◆ WHAT TO WORK ON
Take the line with "SomeJakeKid's profile banner image" as the first and the last line of the data as the end. Write out both and every line between exactly, except pictures.

[[ DATA EXTRACTS, beginning ]]

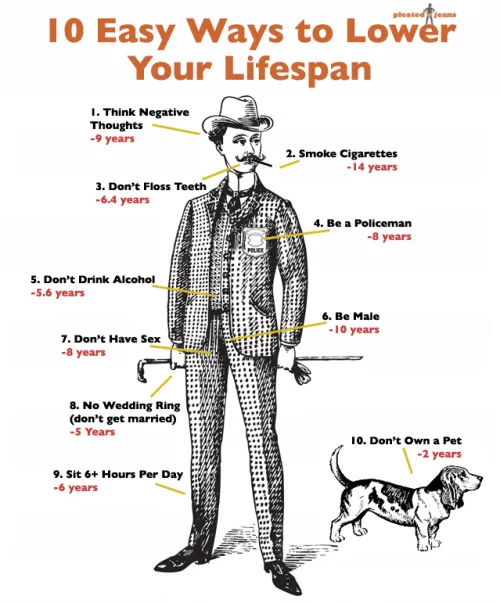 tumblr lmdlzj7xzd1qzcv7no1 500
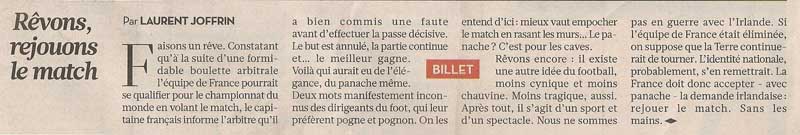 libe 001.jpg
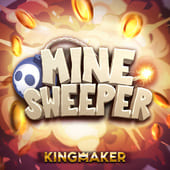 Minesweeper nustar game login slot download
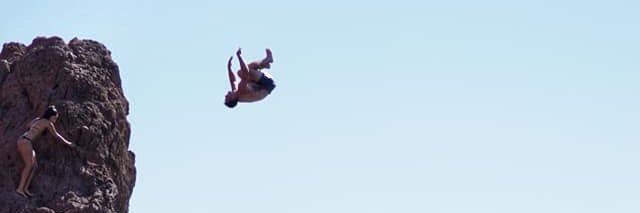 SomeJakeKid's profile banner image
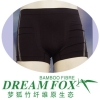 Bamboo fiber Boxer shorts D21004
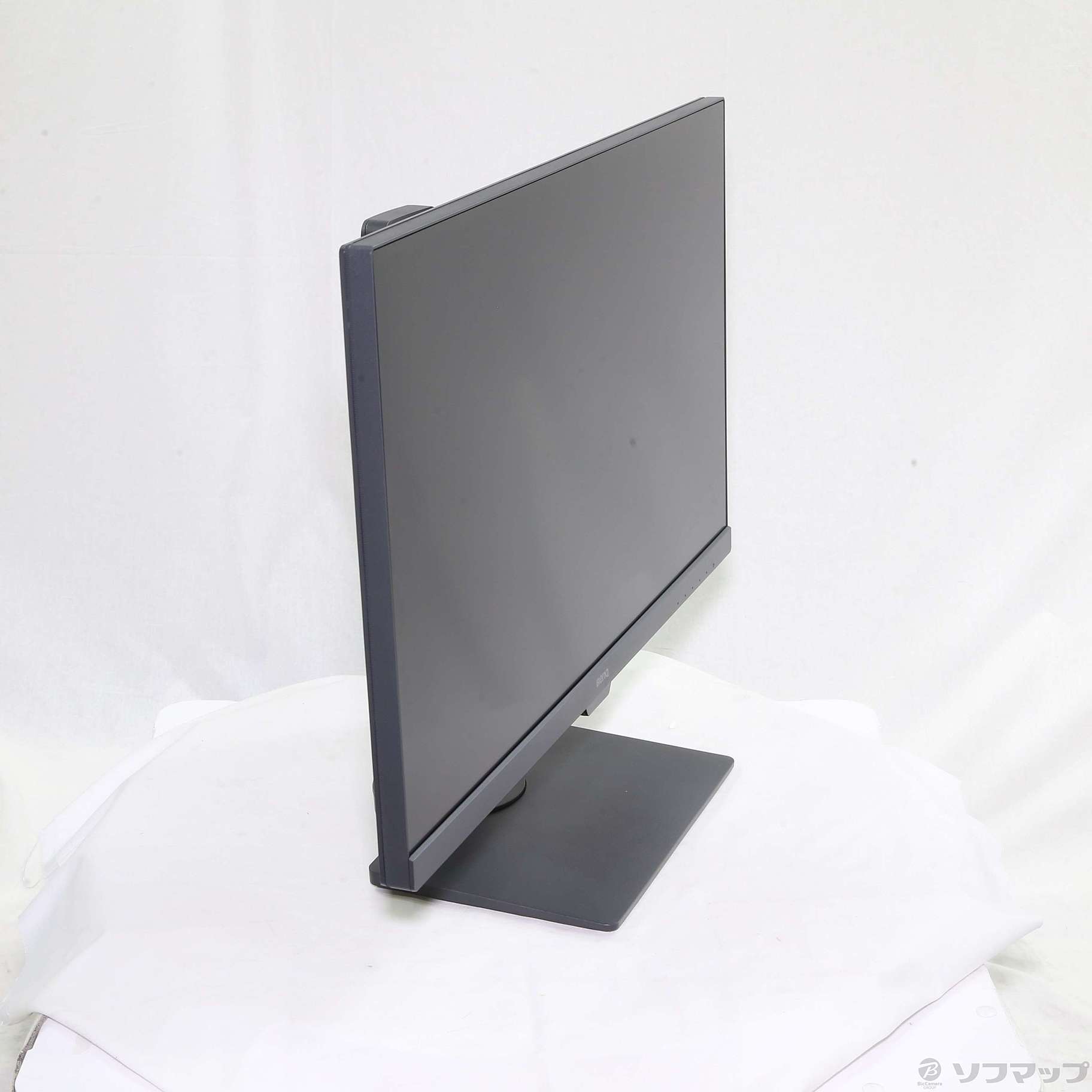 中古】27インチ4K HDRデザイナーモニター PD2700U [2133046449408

[[ DATA EXTRACTS, end ]]

◆ RESULT OF THIS TASK
 SomeJakeKid's profile banner image
 Bamboo fiber Boxer shorts D21004
 中古】27インチ4K HDRデザイナーモニター PD2700U [2133046449408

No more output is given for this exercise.